Les productions habituelles des opéras serie de Rossini mettent
rarement l’accent sur la qualité orchestrale, mais
plutôt sur les fastes vocaux. Le second intérêt de
ce spectacle résidait donc dans la présence de
l’Orchestre des Champs-Élysées, sous la direction
de René Jacobs.
Au-delà de l’évident intérêt
intellectuel de la démarche du chef baroque et de sa formation,
je dois néanmoins avouer que je n’ai pas été
convaincu par le résultat musical.
Certes, on pourrait dire que Jacobs redonne une certaine dignité
à l’orchestration, mais au détriment de
l’unité et de la couleur. En effet, ce Tancredi
m’est surtout apparu comme une suite de tableaux bien
léchés et jamais comme un « tout »
cohérent musicalement et dramatiquement. Quant à la
couleur, elle rappelle trop celle des opéras de Mozart sous la
même baguette. Au final, un Rossini exagérément
architecturé auquel il manque un substrat de
légèreté et de liberté, cette folie sans
laquelle il n’y a pas vraiment de Rossini réussi.
Enfin, on aurait attendu de Jacobs plus d’attention envers les
chanteurs dans une salle qui ne les flatte guère ; or,
ceux-ci sont régulièrement couverts par des
déluges de décibels : c’est un peu
« L’Après-midi aphone ».
Un résultat en demi-teintes donc, mais une approche digne
d’intérêt qu’il faudra suivre sur la
durée.
Dans le rôle-titre, Bernarda Fink, chanteuse fort estimable au
demeurant, se révèle un peu dépassée par
les événements. La voix est insuffisamment
projetée, les couleurs un peu ternes ; les variations ont
le mérite d’exister mais laissent perplexes tant elles
s’éloignent du « style rossinien »
tel que restitué par les musicologues de Pesaro.
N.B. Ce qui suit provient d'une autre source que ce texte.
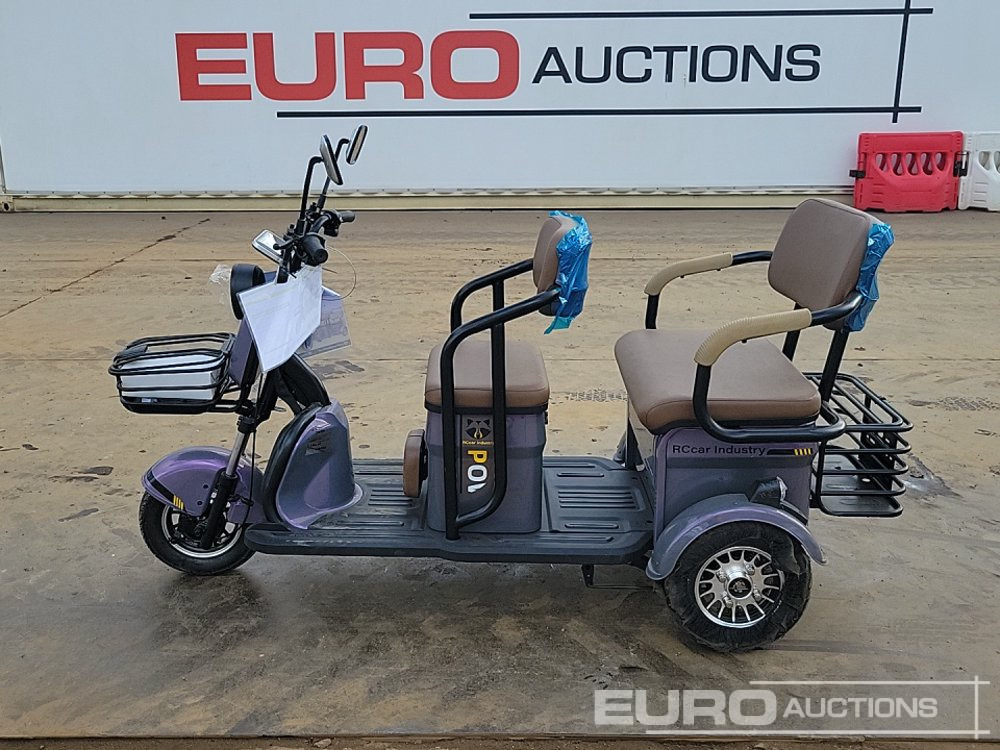 Unused 2025 Raccoon RC-G3.0 - Mașină de golf: Foto 4 Unused 2025 Raccoon RC-G3.0 - Mașină de golf: Foto 4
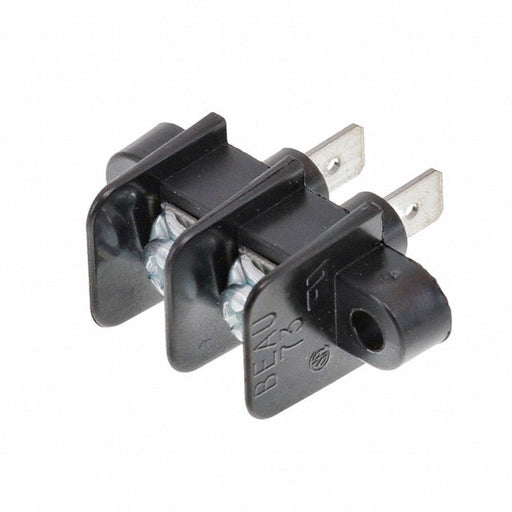 0387317202 by Molex - CONNECTOR BARRIER STRIP 2CIRC 0.438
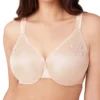 Wacoal Slimline Seamless Underwire Minimizer Bra 85154 -Wacoal Shop wacoal wac001 85154 gs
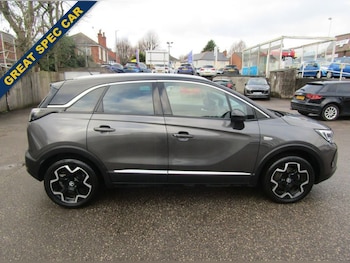 Used Vauxhall Crossland 2022 for sale - 77437253: Photo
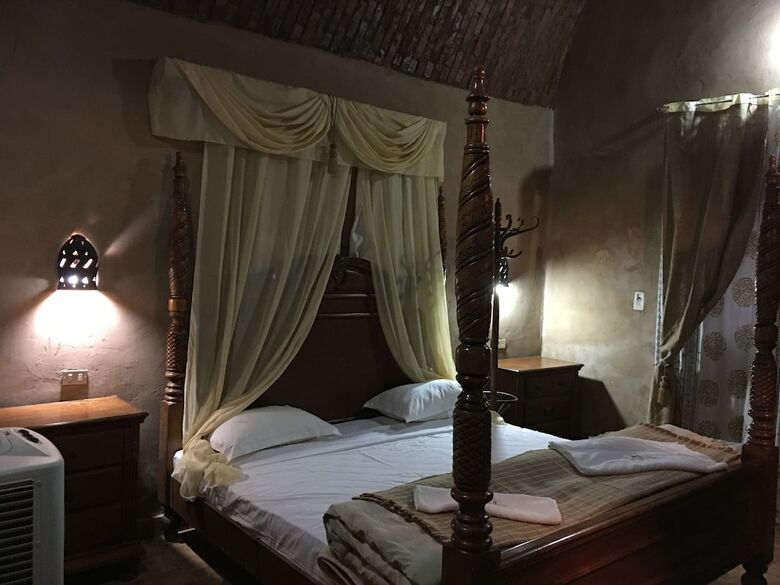 Posada Shanda Lodge Desert Resort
On
apprécie, en revanche, une chanteuse engagée et
d’une belle musicalité : mais les moyens peinent
à donner tout le relief nécessaire au rôle. Dans
ces conditions, on appréciera le choix du lieto fine
au détriment du final tragique plus exigeant dramatiquement. On
ne peut toutefois s’empêcher de penser avec une certaine
tristesse que Marilyn Horne, la plus grande titulaire moderne du
rôle, n’aura jamais pu chanter celui-ci à Paris.
Rosemary Joshua n'est pas davantage une rossinienne mais tire son
épingle du jeu grâce à une présence
rayonnante, et un chant agréable : les vocalises sont bien
exécutées, ornementées de quelques suraigus qui
nous rappellent qu’il y aussi une part de
« risque » dans une interprétation
rossinienne. Mais cette Aménaïde exagérément
piquante manque de noblesse et son style est par trop baroque : on
flirte ici avec Semele ou Cléopâtre.
Lawrence Brownlee se taille le plus beau succès au final. La
voix n’est pourtant pas bien grande, et l’artiste ne fait
visiblement pas beaucoup d’efforts pour projeter. Le premier air
est un peu laborieux et les vocalises semblent scolaires et
appliquées (il faut dire que le tempo pris par le chef pour la
cabalette est particulièrement lent) : il ne recueille
d’ailleurs aucun applaudissement. Le second voit le chant du
ténor américain s’améliorer, mais
c’est surtout pour sa grande scène de l’acte II que
le chanteur recouvre ses moyens : si on excepte un aigu en voix de
tête un peu miaulé, l’ensemble de la scène
est digne d’éloge, le ténor faisant montre de
vaillance et d’engagement dans une partie particulièrement
redoutable. La couleur sombre de cette voix peut laisser espérer
que nous ayons là un nouveau
« baryténor », avec toutefois moins
d’aisance dans le suraigu qu’un Chris Merritt (Brownlee se
contente d’un ut dièse pour tout l’opéra, ce
qui est un peu maigre), mais davantage qu’un Bruce Ford. Une voix
intéressante donc, certainement à suivre, mais un
chanteur qui devra apprendre qu’un artiste en pleine santé
doit se donner à fond tout le long de l’opéra, et
non pas se réserver pour sa grande scène.
Federico Sacchi est une très belle voix de basse et on ne peut
que regretter que Rossini n’ait pas jugé bon de
développer sa partie.
L’ouvrage est ici donné sans coupures, ce qui nous vaut
d’entendre les deux « airs de sorbet »
d’Isaura et de Roggiero.
La première est un plutôt en difficulté dans sa
partie : voix un peu instable au vibrato hoquetant, timbre sans
charme particulier… Elena Belfiore est-elle d’ailleurs
vraiment un contralto ? Anna Chierichetti est autrement
convaincante en Roggiero et son air de second acte est bien mené.
Signalons enfin des chœurs particulièrement sonores et
bien chantants malgré leur faiblesse numérique relative.